Rivka tuvo un hijo. Le envió una carta con una pelusa de pelo del niño a su madre. Y una foto del día de brit milá. Cuenta mi madre que en la carta de mi abuela se notaba lo contentos que estaban todos por allá lejos por el nacimiento de mi hermano. Cuando yo nací, ella no pudo hacer lo mismo. En 1941 ya no llegaban noticias de la familia. Ya hace meses que no se sabía nada de ellos, la guerra y el nazismo habían arrasado con  todo el pasado lituano de mi madre.

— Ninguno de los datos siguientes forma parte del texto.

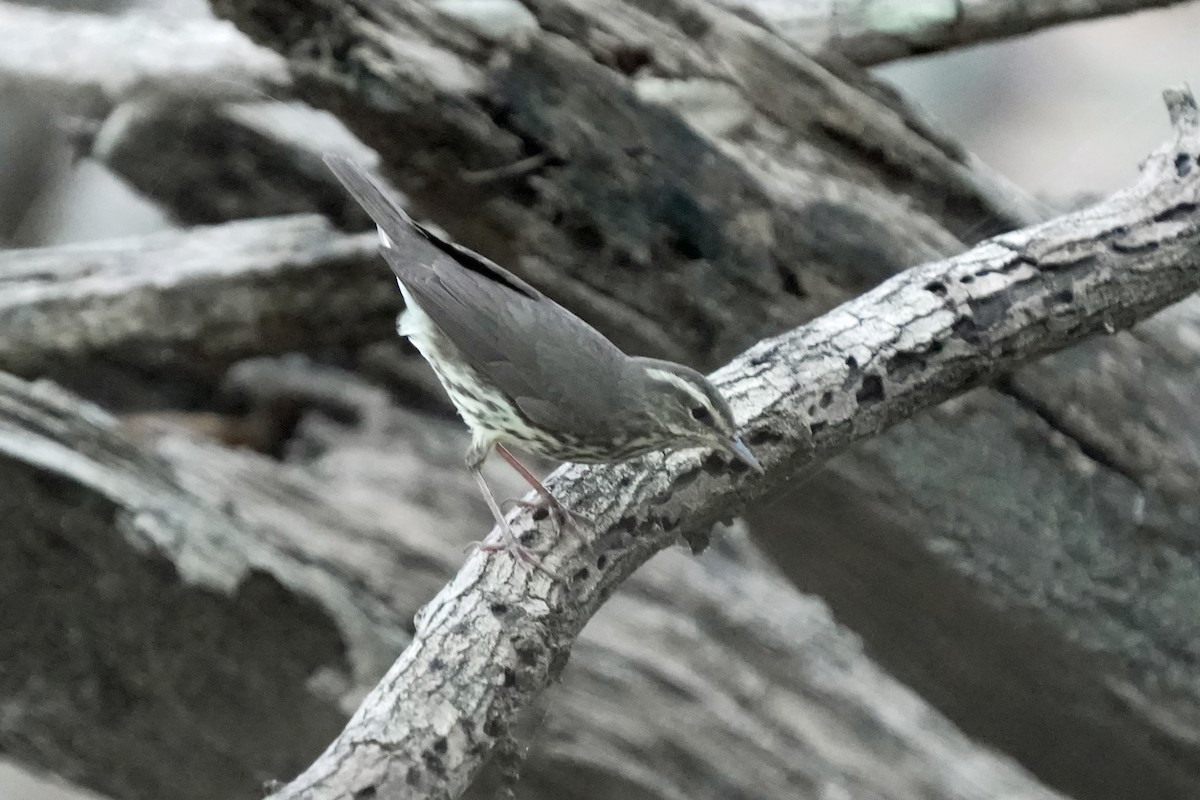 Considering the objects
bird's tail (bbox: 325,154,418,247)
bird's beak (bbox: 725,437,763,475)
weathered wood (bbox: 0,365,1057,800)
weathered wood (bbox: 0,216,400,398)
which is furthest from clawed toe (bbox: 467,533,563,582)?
weathered wood (bbox: 0,216,400,398)

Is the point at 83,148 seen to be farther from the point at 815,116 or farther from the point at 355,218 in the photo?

Fue cuando prefirió cambiar su nombre a Rebeca y olvidar que alguna vez había vivido en Riga. Ahora eran Haim y Rebeca, de Salónica. Estaban solos en el mundo. Formaron una familia judía y sefaradí.

En 1950, cuando ya habían terminado los festejos por haber ganado el mundial, me encontré con el cartero, que me dio una carta que venía de Brasil.

—¿No será otro brasilero llorando por la derrota?— comentó el cartero a las risas.

Lázaro contaba que le había ido muy bien, que era dueño de una fábrica de neumáticos y que venía a Uruguay a hacer negocios, que le gustaría ver a mi madre y a mi padre; ya habían pasado tantos años que los rencores ya no existían. El pasado ya estaba pisado.

Mi padre pidió un préstamo para pintar la casa, para comprarnos a todos ropa nueva, para que mi madre fuera a la peluquería y encargar comida para recibirlo.

Todo brillaba y mis padres estaban muy elegantes y nerviosos. Llegó en un auto moderno, salimos a la calle a recibirlo como si fuera el rey Jorge. Primero salí yo junto a nuestro perrito, luego mi hermano mayor y atrás de nosotros mis padres tomados de la mano. Lo recuerdo como si fuera un galán de cine, alto, bronceado, vestido con traje y corbata y con un paquete enorme de masitas finas. Fue una visita corta y silenciosa.

Cuando se fue, saludó con tristeza. Lo vimos en silencio, ir hasta el auto, iba encorvado, como si hubiera perdido todo sus ahorros en una partida de póker.

Para fin de año llegó una carta de Brasil. Decía que estaba enfermo y que no había un remedio para su dolencia. Luego llegó otra donde decía que había muerto.

Mis padres murieron hace ya muchos años. Nunca se lo pregunté. No se habló más de él. Pero creo que fue un suicidio de amor.

Agradezco a Luba, por su historia que fue inspiración para esta narración.